In the heady months since Myanmar’s democratic transition gathered pace, culminating in the November polls that brought a long-awaited opposition victory, Yangonites have got used to clustering in hot galleries to listen to heated discussions.
But this weekend’s panel debate at the downtown Myanmar Deitta Gallery, which brought together academics, officials, heritage experts and outgoing US ambassador Derek Mitchell, took on a more unusual though not less emotive subject: the movies.
Myanmar’s beloved theaters – decades-old with distinctive geometric façades – are vanishing, researcher Philip Jablon told the dozens-strong crowd gathered in the stuffy space on Saturday afternoon.
The Bangkok-based American, who has spent years documenting the decline of theaters in the region, recently visited the Irrawaddy Delta expecting to return with photos to add to his collection. (The images are currently on show at Deitta).
Instead, he found that many of the cinemas had been demolished to make way for new developments. “There are literally only two active movie theaters in the entire division,” he said.
In Yangon, the ‘cinema row’ on Bogyoke Aung San Road that flourished during Myanmar’s cinematic golden era of the 50s has been decimated, leaving just a handful of theaters standing.
More than 10 have been demolished, said Dr Toe Aung, head of urban planning at the Yangon City Development Committee, citing the lack of legislation protecting heritage buildings.
“Even now we don’t have any laws or rules,” he said. “Even in the downtown [alone] we have over 2,000 [heritage] buildings but the problem is… lots of people want to knock down and demolish these buildings and build new modern buildings.”
Finding incentives to persuade land owners to upgrade or renovate heritage instead of knocking it down is an “ongoing process”, he said.
From left: Philip Jablon, Dr Toe Aung, Moe Moe Lwin, Aung Lwin and Ambassador Derek Mitchell. Photo / Coconuts Yangon
While actor Aung Lwin, from the Myanmar Movie Pictures Organization, explained how everything went “downhill” in the 1960s after the theaters were nationalized under the former ruling military junta, a note of hope was sounded by US Ambassador Derek Mitchell.
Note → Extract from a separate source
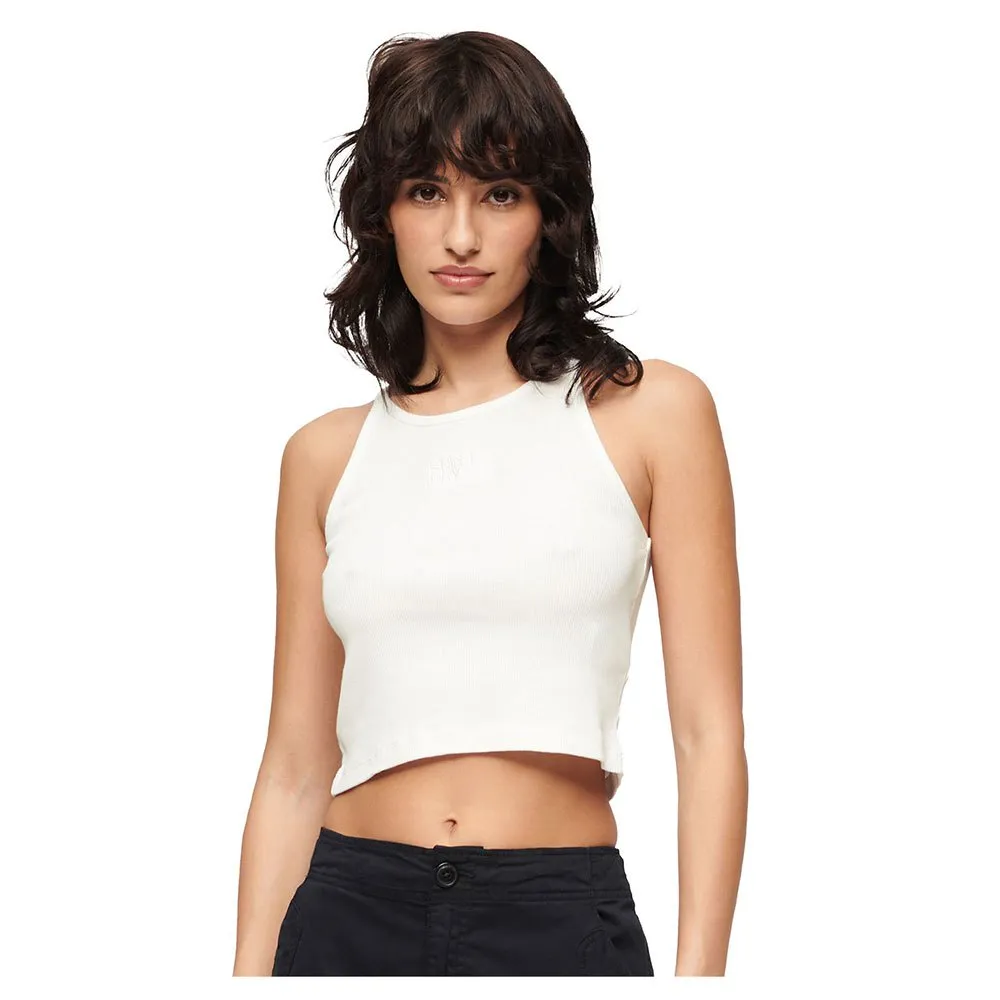 

Футболка Superdry Embroidered Rib Racer, белый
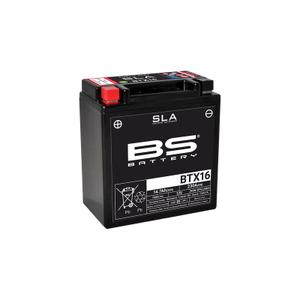 Fabriksaktiveret motorcykelbatteri BS Battery BTX16 image-2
The embassy recently persuaded the Ministry of Information to halt the demolition of the Waziyar Theater on Bogyke Aung San Road and helped establish a board of directors who plan to turn it into a multi-use arts center.
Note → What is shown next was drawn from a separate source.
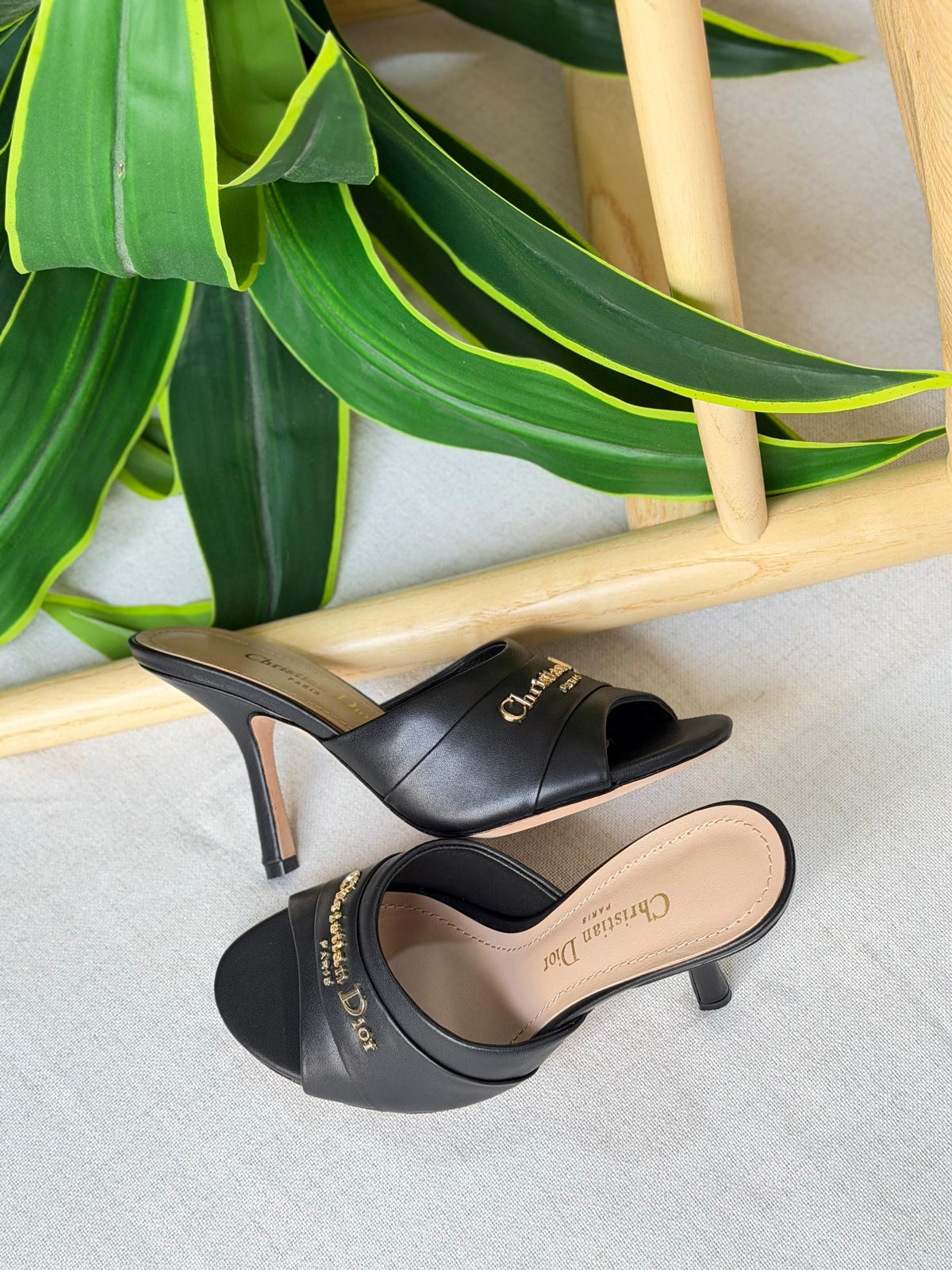 Dior My Dior Heeled Slides - 4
“We always say this is a moment of opportunity and also a moment of challenge,” said Mitchell. “As the place opens up, it’s going to develop.
“Elsewhere in Asia, they have destroyed their past…. Something I noticed here is a pride that may not exist elsewhere to preserve what is special. There’s a sense among the people: let’s pick up where we left off…The movie houses were shut down [during the military junta], let’s rebuild what we had before.”
As for what should happen to the others, it’s anybody’s guess.
When asked whether the theaters, if preserved, could be used for other purposes, Moe Moe Lwin, director of the Yangon Heritage Trust, said: “In the case of Waziyar, we have chosen to continue with the original functions but others could have other uses.”